Türk toplumunda kadının saygın bir yeri vardı. Orta Asya'da kurulan ilk Türk devletlerinde kadın ve erkek eşit haklara sahipti. Devlet yönetiminde, hakanların yanında hatun adı verilen eşleri de söz sahibiydi. Kadınlar ata binip ok atar, güreş gibi ağır sporlar yapar ve savaşlara katılırlardı. Toplumda tek eşlilik prensibine bağlı kalınır; ev, eşlerin ortak malı sayılırdı. Namus kavramına büyük bir önem verilirdi.
Kurtuluş Savaşı yıllarında, erkeği cepheye giden Türk kadını, çocuğunu yetiştirmiş ve evinin geçimini sağlamıştır. Hatta silâh ve cephane taşıyarak savaşa katılmıştır. Bu davranışı ile Türk kadını, Türk toplumundaki önemli yerini bir defa daha ispat etmiştir.


17 Şubat 1926'da İlan Edilen Türk Medeni Kanunu ile,
• Birden çok kadınla evlenme kaldırıldı.
• Resmi nikah uygulaması benimsendi, çok küçük yaşta evlenmeler kaldırıldı.
• Boşanma konusunda erkeğe tanınan haklar, kadına da tanındı.
• Boşanma durumunda kadının hakları güvence altına alındı, miras hukukunda kadın-erkek eşitliği sağlandı.
Medeni Kanun İle kazanılan haklardan sonra;
1927'de çıkartılan "karma eğitim yasası" ile ülkemizin bütün okullarında karma eğitime geçildi.
1930'dan itibaren Türk kadınına yönetimde görev alabilmesini sağlayan siyasi haklar verilmeye başlandı. Önce 1930'da kadınlara belediye seçimlerine katılma hakkı tanındı.
1933'te muhtarlık seçimlerine katılma hakkı verildi.
1934'te yapılan anayasa değişikliği ile Avrupa ülkelerinin birçoğundan önce, milletvekili seçme ve seçilme hakkı tanındı.
Tarih boyunca Türk kadını, hayatın her safhasında erkeğin yanında yer alarak sorumlulukları paylaşmıştır.

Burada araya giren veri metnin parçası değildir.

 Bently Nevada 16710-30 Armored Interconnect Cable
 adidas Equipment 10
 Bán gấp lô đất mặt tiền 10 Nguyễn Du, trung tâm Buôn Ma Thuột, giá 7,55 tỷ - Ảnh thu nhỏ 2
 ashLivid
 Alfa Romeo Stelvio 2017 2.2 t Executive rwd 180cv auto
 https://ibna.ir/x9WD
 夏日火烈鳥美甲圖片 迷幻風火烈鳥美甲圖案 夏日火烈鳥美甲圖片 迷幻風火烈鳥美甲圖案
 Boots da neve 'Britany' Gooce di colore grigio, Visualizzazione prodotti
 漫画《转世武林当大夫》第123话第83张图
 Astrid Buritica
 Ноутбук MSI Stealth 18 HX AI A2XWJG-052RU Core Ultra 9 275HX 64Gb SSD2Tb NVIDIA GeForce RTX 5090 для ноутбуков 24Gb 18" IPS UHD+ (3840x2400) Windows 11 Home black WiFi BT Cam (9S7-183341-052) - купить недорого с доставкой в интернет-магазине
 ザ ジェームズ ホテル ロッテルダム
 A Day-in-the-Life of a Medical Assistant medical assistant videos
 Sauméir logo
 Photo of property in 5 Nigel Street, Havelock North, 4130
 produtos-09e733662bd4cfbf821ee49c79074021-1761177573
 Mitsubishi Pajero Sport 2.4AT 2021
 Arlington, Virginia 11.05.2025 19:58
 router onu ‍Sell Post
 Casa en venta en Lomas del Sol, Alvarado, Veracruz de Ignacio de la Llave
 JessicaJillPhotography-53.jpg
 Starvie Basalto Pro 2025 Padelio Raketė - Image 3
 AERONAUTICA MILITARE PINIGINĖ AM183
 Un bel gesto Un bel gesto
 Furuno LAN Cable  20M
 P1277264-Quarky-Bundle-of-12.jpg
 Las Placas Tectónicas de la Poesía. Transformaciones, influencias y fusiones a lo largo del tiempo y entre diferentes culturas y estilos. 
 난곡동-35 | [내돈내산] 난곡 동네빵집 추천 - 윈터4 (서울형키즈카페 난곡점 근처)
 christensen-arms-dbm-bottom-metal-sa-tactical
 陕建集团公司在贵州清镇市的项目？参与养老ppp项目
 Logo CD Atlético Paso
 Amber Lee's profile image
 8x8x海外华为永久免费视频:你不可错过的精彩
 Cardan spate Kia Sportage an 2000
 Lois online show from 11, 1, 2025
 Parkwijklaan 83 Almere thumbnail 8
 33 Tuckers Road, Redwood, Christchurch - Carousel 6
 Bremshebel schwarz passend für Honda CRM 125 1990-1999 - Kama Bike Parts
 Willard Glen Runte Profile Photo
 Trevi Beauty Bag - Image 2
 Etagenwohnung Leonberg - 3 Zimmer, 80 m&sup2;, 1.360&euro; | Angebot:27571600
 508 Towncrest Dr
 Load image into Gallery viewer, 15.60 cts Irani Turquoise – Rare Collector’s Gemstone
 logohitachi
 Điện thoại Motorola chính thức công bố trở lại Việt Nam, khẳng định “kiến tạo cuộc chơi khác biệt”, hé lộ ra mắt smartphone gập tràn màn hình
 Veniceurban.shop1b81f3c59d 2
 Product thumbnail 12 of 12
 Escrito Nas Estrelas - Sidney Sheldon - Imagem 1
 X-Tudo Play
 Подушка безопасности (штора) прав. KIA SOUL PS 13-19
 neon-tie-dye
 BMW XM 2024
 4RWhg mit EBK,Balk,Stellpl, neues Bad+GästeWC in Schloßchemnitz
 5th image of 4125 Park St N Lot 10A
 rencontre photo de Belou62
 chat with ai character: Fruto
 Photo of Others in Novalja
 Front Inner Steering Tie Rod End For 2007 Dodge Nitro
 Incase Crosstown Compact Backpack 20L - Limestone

Kurtuluş Savaşı'nda vermiş olduğu büyük mücadelede erkeği ile omuz omuza cephedeki yerini almış, düşmana karşı silâhı ile savaşarak, cepheye mermi taşıyarak, yaralı askerleri tedavi ederek, silâh ve giyecek sağlayarak vatanın kurtuluşunda ve bu günlere ulaşmamızda hak sahibi olmuştur.